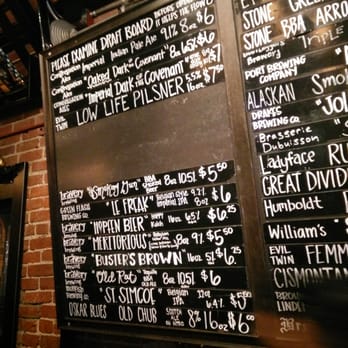 Congregation Brewery & Cocina - Pubs Near Me - Pasadena, California Congregation Brewery & Cocina - Pubs Near Me - Pasadena, California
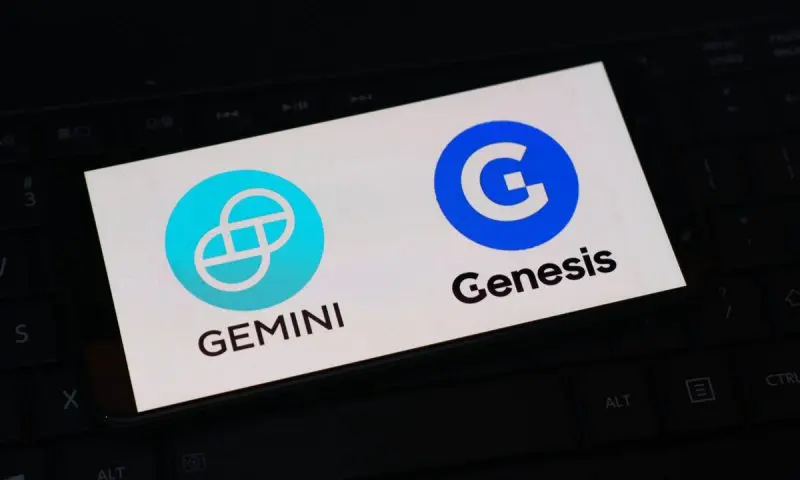 Gemini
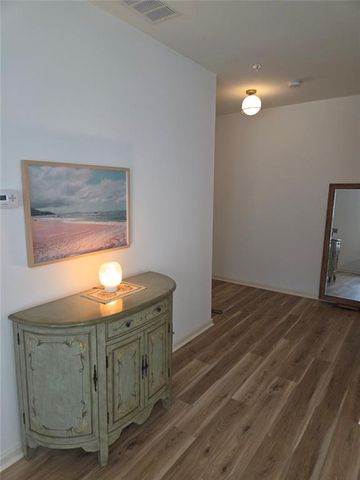 2281 Attewood Drive, Buford, GA 30519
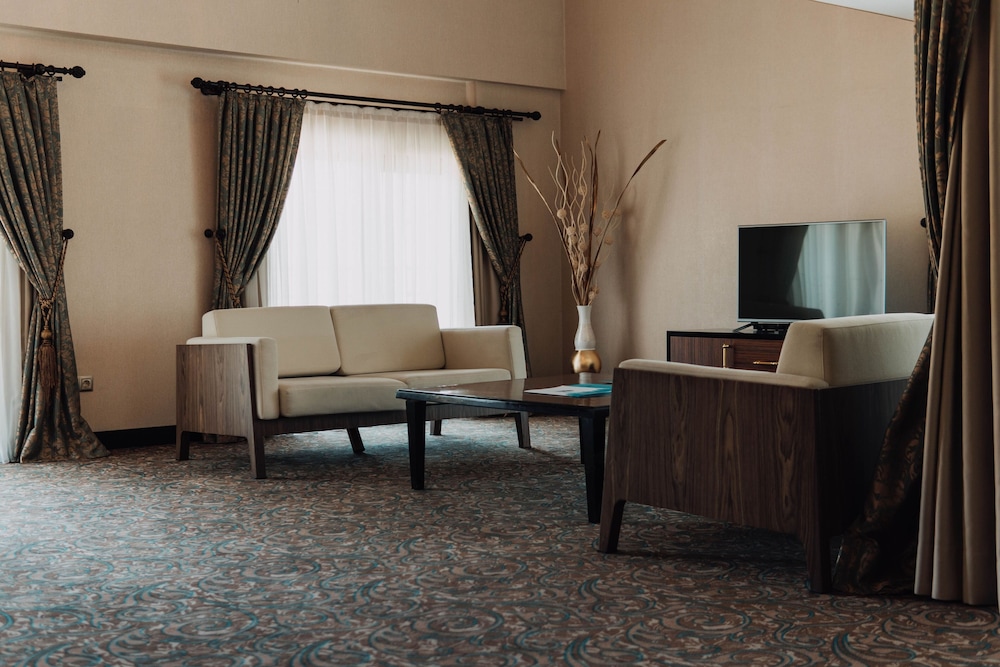 King Suite photo 3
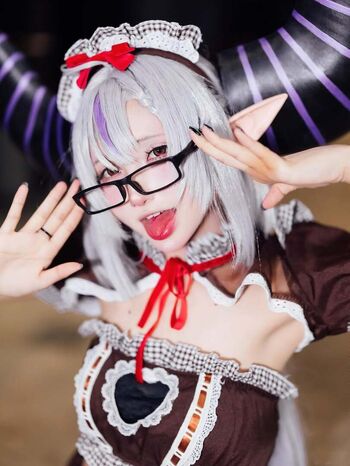 Mochimochi nn page leaked private photo uncensored HD quality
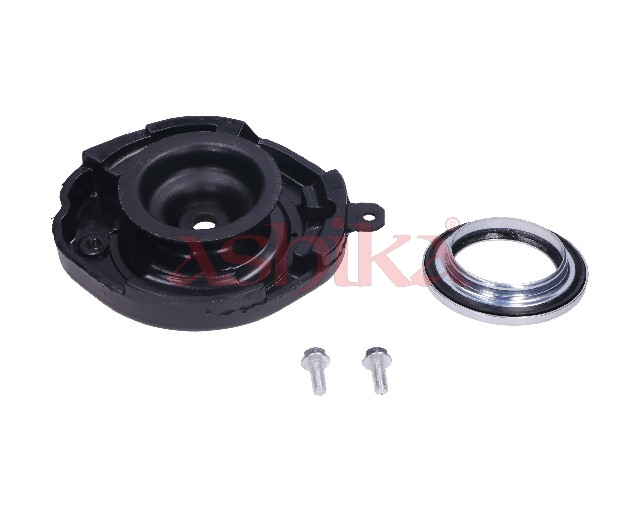 Опора амортизатора гумометалева RENAULT 19/MEGANE I/SCENIC 1988-2003 ASHIKA (SMA0349) ASHIKA фото 2
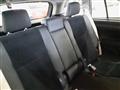 2014 Toyota Corolla Fielder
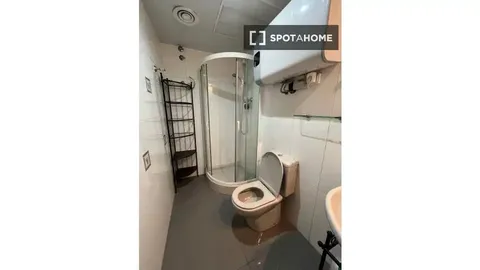 Habitación en alquiler, Barcelona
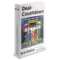 Deal-Countdown Modul für modified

━━━

WHAT YOU SHOULD DO:
Your answer must be exactly the lines from the one with "Mochimochi nn page" through the final line of the data, with no pictures in it.

RESULT FOR THIS TASK:
 Mochimochi nn page leaked private photo uncensored HD quality
 Опора амортизатора гумометалева RENAULT 19/MEGANE I/SCENIC 1988-2003 ASHIKA (SMA0349) ASHIKA фото 2
 2014 Toyota Corolla Fielder
 Habitación en alquiler, Barcelona
 Deal-Countdown Modul für modified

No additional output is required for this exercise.